Two years ago, I decided I wanted to try and have a baby. I had worked at my brick and mortar job for five years and had established a great reputation for being dependable and responsible. I had received two promotions in the years I had worked there and knew I had not reached a glass ceiling. When I finally did get pregnant, everyone seemed to be happy for me. I could tell there was a little doubt wondering if I would still be as dependable as before.
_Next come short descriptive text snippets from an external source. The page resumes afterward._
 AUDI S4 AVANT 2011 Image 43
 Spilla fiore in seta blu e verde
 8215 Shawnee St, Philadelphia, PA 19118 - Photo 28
What I Thought Would Happen
I was not known for being naive, but my thoughts were surely headed there. I believed that I would be super mom. I mean I was in charge of twelve employees so I definitely could handle my career and a baby. Women did it all the time and it seemed almost effortless. To make matters even better I was going to nurse my child for a year and still try to earn that promotion I so wanted a work. I expected that I could go out for six weeks, have the baby, and return to work just as normal.
Reality
I did not understand how people made it being pregnant and working a full-time job. I was exhausted and between getting calls from work in the middle of the night and not getting any sleep due to the position of the baby, I was falling asleep everywhere. I had a hard time both at home and at work trying to keep it all together. I thought once the baby was born, I would not be as tired. Well baby came and instead of having a natural delivery, the doctors performed a cesarean section. Now, I would be out a minimum of eight weeks. Once I went back to work, I was falling apart. I was still hurting; I was trying to nurse during my breaks, and staying awake all night with the baby. Did I really think this was going to work?
New Beginnings
Well, I walked around the next four weeks like a zombie trying to balance work and home life. I had always been proud of my career but now it was getting in the way of my life. I had a new outlook on what was important to me. I quit my job to stay home with my son. I could not bear the thought of not being with him and work was not my first priority any longer. Staying home with my son was the best decision I ever made and some days I still feel like super mom when I can hold a baby and vacuum at the same time. Super mom comes in different meanings for everyone.